I have a real fondness for Auchroisk. The second-ever bottle I bought from the SMWS was a crazy red-wine finished Auchroisk that was just off the wall - off EVERY wall - in terms of big unbalanced funky flavor. I've still never had anything quite like it.
Auchroisk, as I've mentioned before, is one of Diageo's many "silent" distilleries that pumps out tons of stuff for the Johnnie Walker blends - specifically, there is supposed to be a lot of Auchroisk in Johnnie Walker Blue.
For those who are into the independent bottling scene, Auchroisk can be a real crapshoot - I'm not sure I could really name a "signature" flavor for the distillery, or set of flavors... but I will admit that I am nearly always tempted by their whisky because damned if they aren't always interesting. Lots of Big flavors abound, and sometimes they are REALLY surprising.
This bottle, also from the SMWS, caught my eye immediately because it had been finished in a PX cask that previously finished an old Laphroaig. The mind reels and boggles at what this might taste like with that provenance! Here are the official notes:
Salty coal came covered in butter and splashed with strawberry wine. The palate was equally heavenly: sooty, with a clear salinity and joined by kelp, wild berries and millionaire's shortbread. Water offered a luxurious baconnaise, spread on burnt toast, along with peanut butter and plum jam on the nose. The palate had now become a steak sandwich with sweet onion jam, washed down with smoked peach iced tea. Enjoy the nostril-flaring minty finish. After seven years in an ex-bourbon hogshead, we transferred this to a PX ex-Islay cask – previously used to mature 29.268 (Laphroaig 22 year) – for the remainder of its maturation.
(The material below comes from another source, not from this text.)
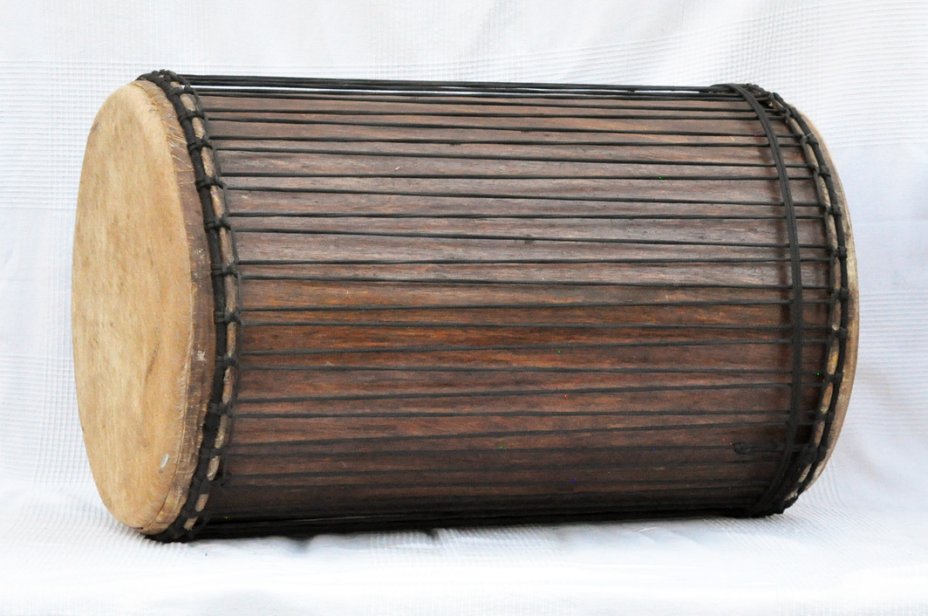 4 Eisen Dundunba Dundun - Dundun Basstrommel aus Guinea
Intriguing! Bottled at 59.4% ABV, let's see if I agree with those rather wacky notes:
Nose: Wow, is that lovely and funky in turns. Coal and salt are indeed here in big amounts. I get the strawberry wine in the official notes, but only lightly. I get more macerated berries, heavy farm funk (wet soil, hay, grass, wild herbs). Definite notes of bacon, almost like dried Bac-Os you put on a salad.
Mouthfeel: Light body with a soft entry - almost no alcohol prickle.
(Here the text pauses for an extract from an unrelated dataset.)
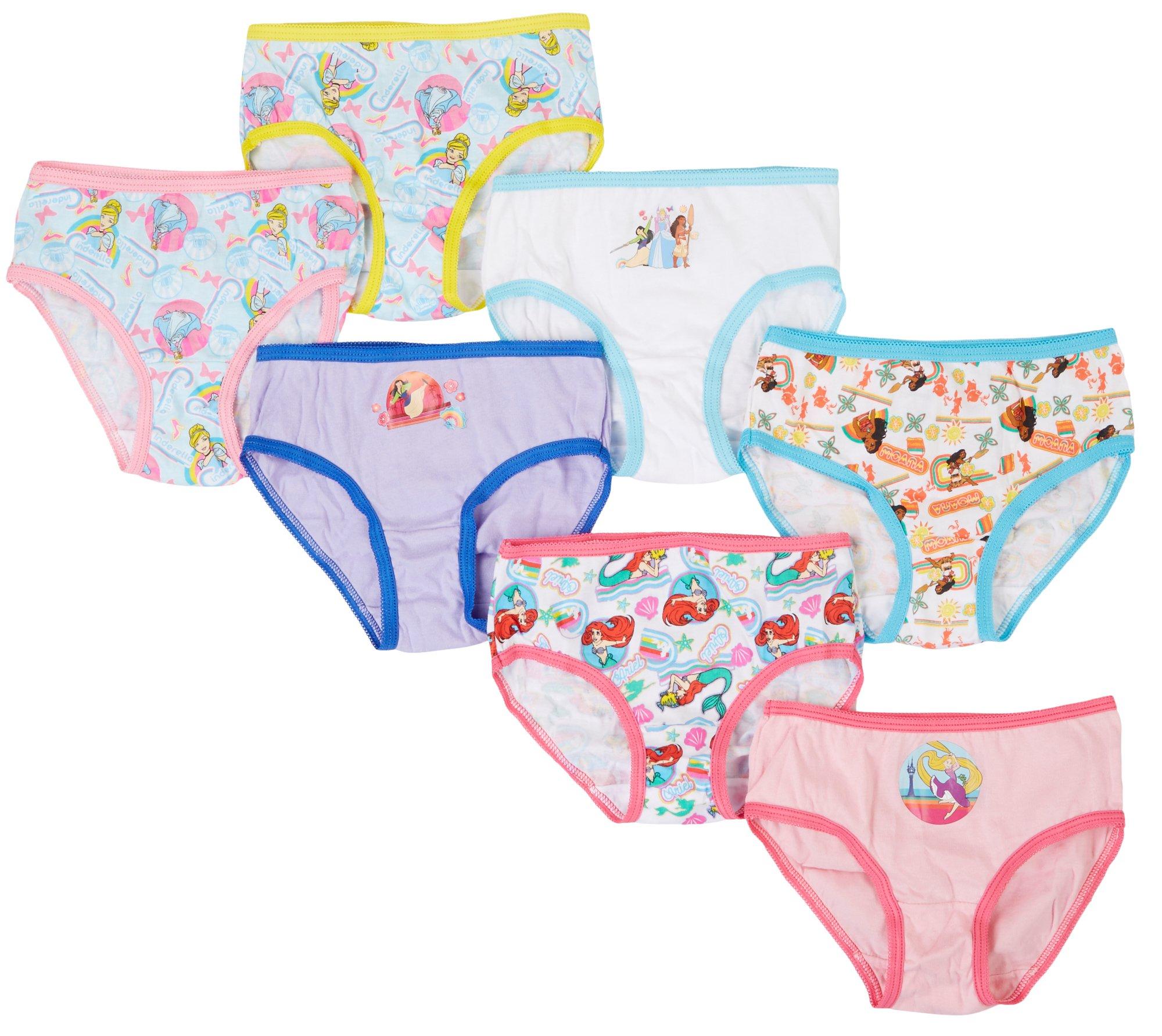 Disney Lilo & Stitch Girls Hipsters 3PK Knickers, Multipack briefs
Palate: A really wild palate on this one - just all over the map. "Steak sandwich" is strangely accurate - you get beef, bread, maybe au jus, pepper. Eventually sweet onion relish and dill pickles (!).
Very strange set of flavors, although I like them. Wildly savory ... but at then at the back of the development you get strawberry ice cream or gelato. Black tea. Potato chips! It's the whole lunch experience.
This is FULL of character, which I always love. But it's definitely not for everyone...
Finish: Weirdly long finish here - or maybe not so weird, given the Laphroaig-cask finish - of smoked fish, berries, pepper, and that steak flavor.
Verdict: I have such a soft spot for Auchroisk precisely because of bottles like this - wild, weird, adventurous bottles filled with truly crazy off-kilter flavors and almost no balance to speak of.
But who needs balance when you can drink a steak sandwich? With a coal-and-berry garnish?? No one, that's who. This is a strange bottle because it's both easy and difficult to pick out the influence from the PX-cask Laphroaig finish - the berries are obviously PX-oriented, and the smoke/coal/fish notes... but what about the beef? The pickles?
It's a question I used to ask all the time of certain SMWS bottles: how crazy was this cask that they decided to apply such a decidedly aggressive finish? I would pay good money for just a wee dram of whatever this was at 7 years old.
If you are like me and love scotch because it brings things to the table that absolutely no other spirit can deliver, this bottle is for you. No other liquor could hope to serve up a layered steak sandwich luncheon in a single glass of spirit.